Single by Yes

from the album The Ladder
- B-side: "The Messenger" "Homeworld (The Ladder)"
- Released: 1999
- Recorded: February–May 1999
- Studio: Armoury Studios
- Length: 4:35 (full version) 3:54 (radio edit)
- Label: Eagle
- Songwriters: Jon Anderson, Igor Khoroshev, Steve Howe, Alan White, Chris Squire, Billy Sherwood
- Producer: Bruce Fairbairn

Yes singles chronology
| "Homeworld (The Ladder)" (1999) | "Lightning Strikes" (1999) | "If Only You Knew" (2000) |

= Lightning Strikes (Yes song) =

"Lightning Strikes" is a song by the progressive rock band Yes, first released in 1999 as a single in promotion of the band's eighteenth studio album, The Ladder.
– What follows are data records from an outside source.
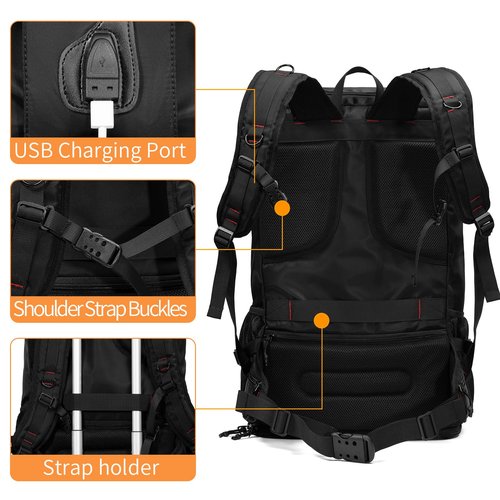 YOUMIAN Large Capacity Backpack For Travel Hiking Sports (BLack 1056X, Extra Large)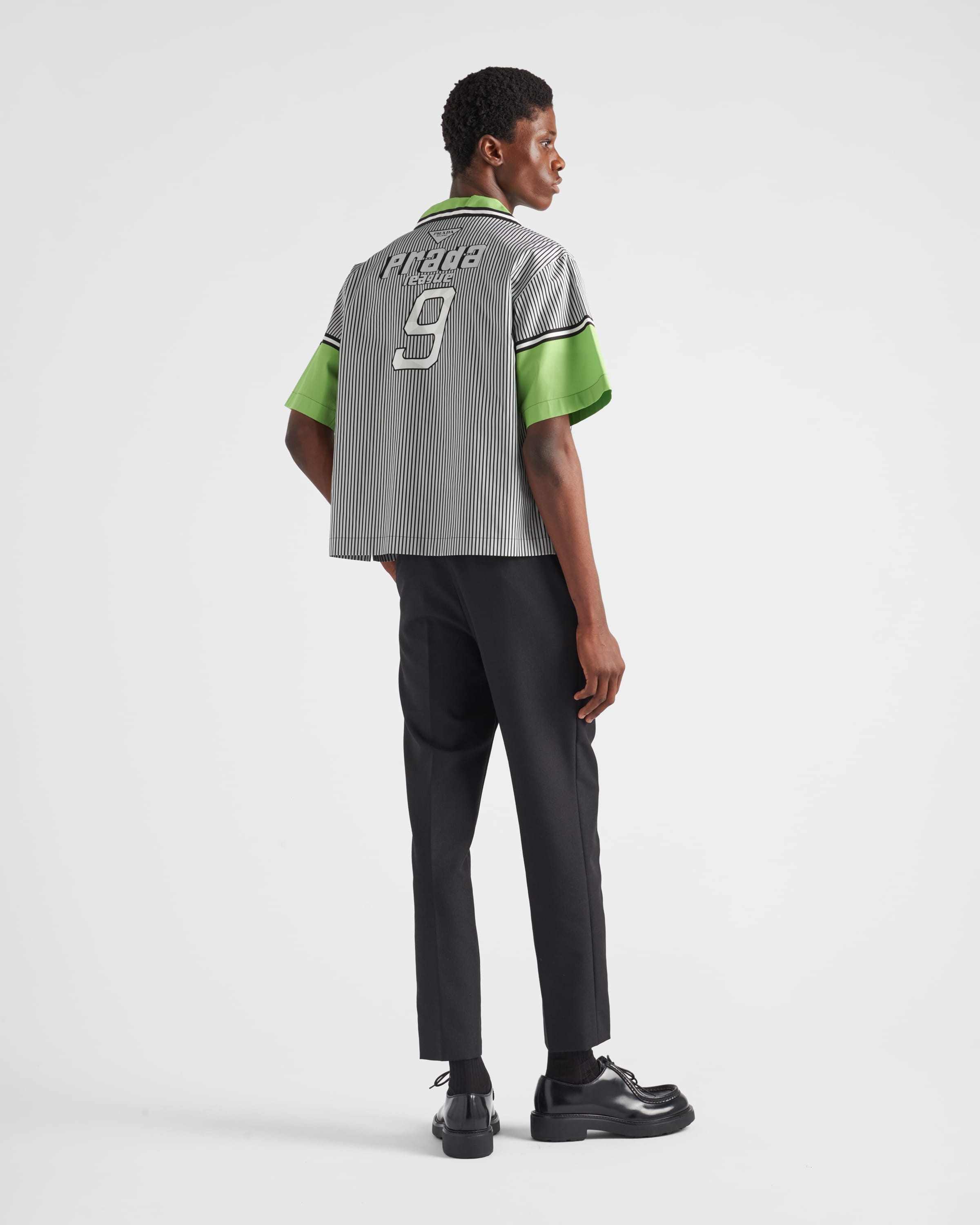 Prada Short-sleeved cotton shirt | REVERSIBLE Prada Short-sleeved cotton shirt | REVERSIBLE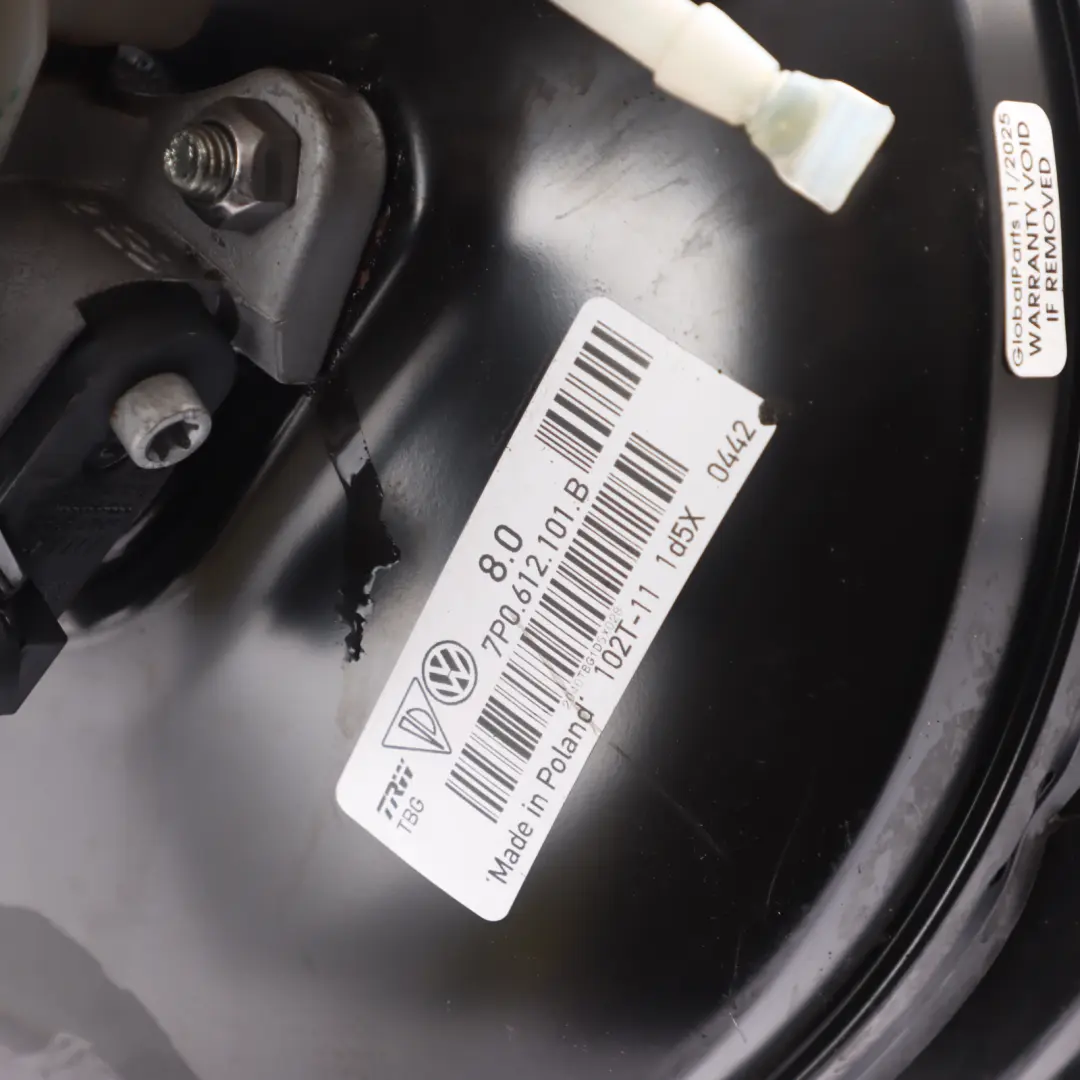 7P Servo Master Cylinder Brake Booster Unit to VW Volkswagen Touareg with Part number 7P0612101B VW Volkswagen Touareg 7P Servo Master Cylinder Brake Booster Unit - SKU 7P0612101B - Part number 7P0612101B
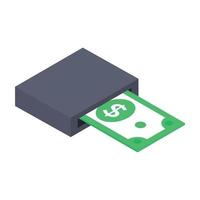 Cash Wallet Elements vector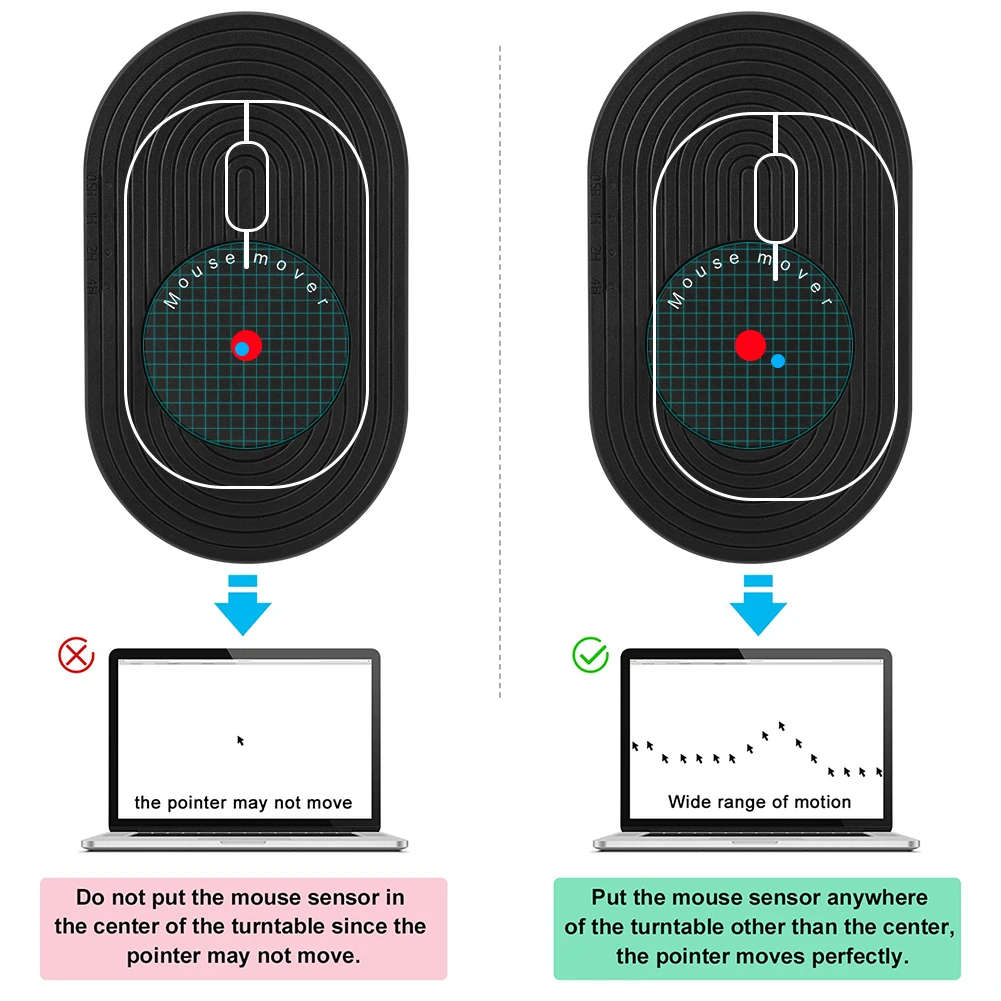 Muis Jiggler Niet-Detecteerbare Muis Verhuizer Virtuele Automatische Beweging Wiggle Shaker Simulator Met Aan/Uit-Schakelaar Voor Computer Ontwaken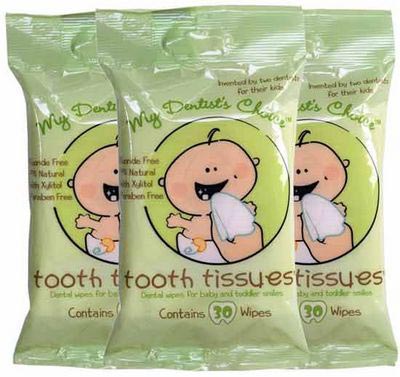 Серветки по догляду за дитячими зубами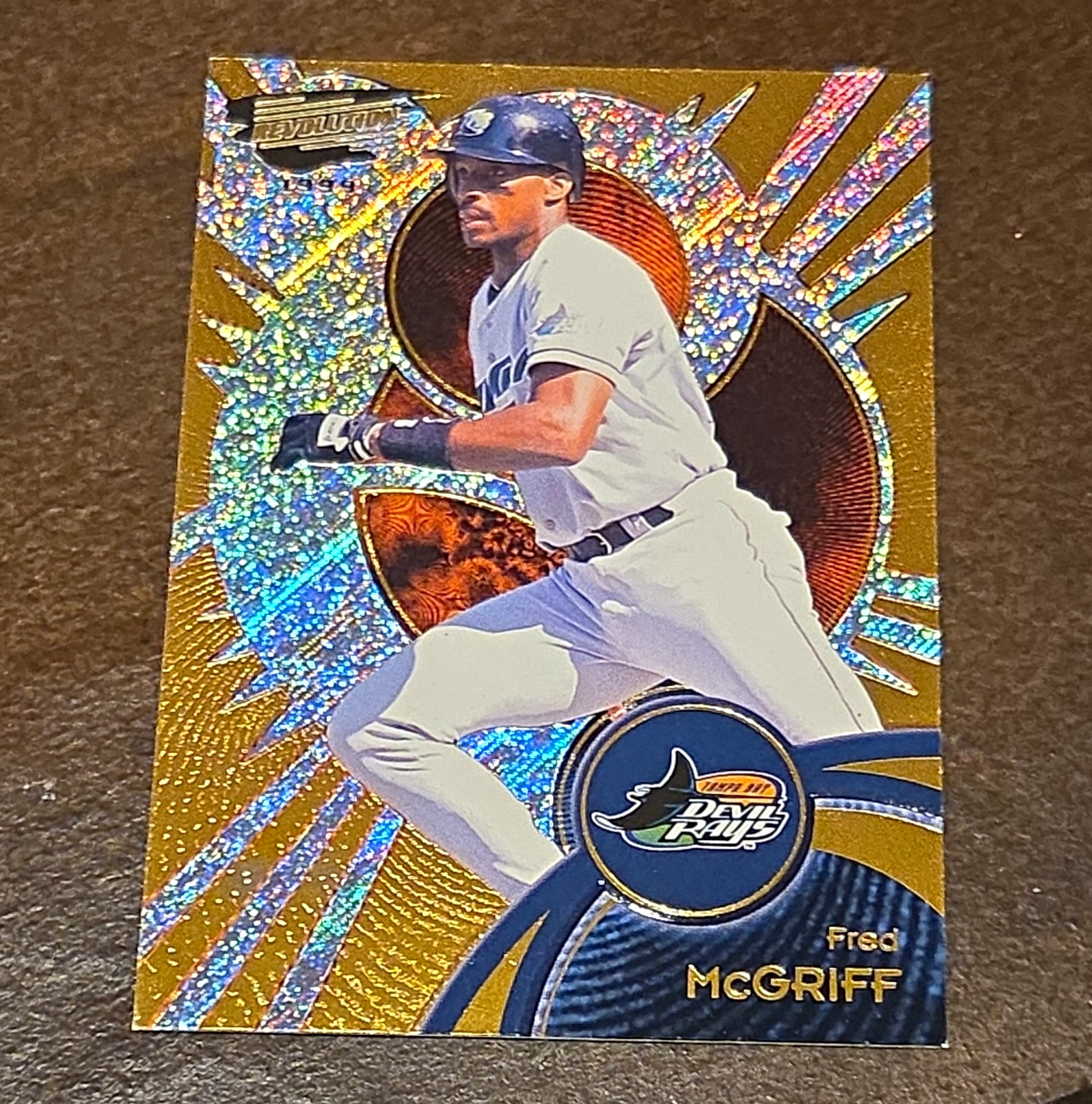 Pacific 1999 Revolution Fred McGriff #138 Tampa Bay Devil Rays Parallel Card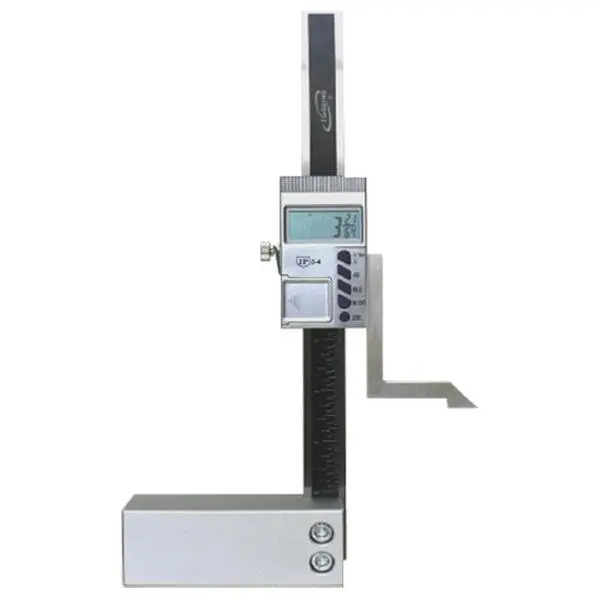 iGaging Digital Mini Height Gauge - 0-6 in Range, Silver, IP54 Waterproof ABS Hand Measuring Tool with Incremental Measuring, Magnetic Base, Hold Key, Large LCD Display, Includes Batteries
== Background and composition ==
"Lightning Strikes" contains the same Mellotron flute sample that "Phenomenal Cat" by The Kinks uses in the intro. Drummer Alan White had been experimenting with more "unusual jazz and African type" rhythms in the studio, playing them to front-man Jon Anderson. He then adapted some of his chords he had been working on as well as a melody which he wrote to fit it. Bassist Chris Squire was pleased with the final product and believed that the song encouraged the band to explore new musical territory.

== Reception ==
Bret Adams of AllMusic enjoyed the track, labeling Steve Howe's acoustic guitar playing as "bouncy" and stating that the song's biggest surprise was the inclusion of a horn section.

Jason Warburg of The Daily Vault praised the track. They noted the use of horns on the track and Howe's "strong riffs" on acoustic and electric guitar and highlighted keyboardist Igor Khoroshev's "lively" organs and synth runs. They also called White's and Squire's playing "cuban-flavored".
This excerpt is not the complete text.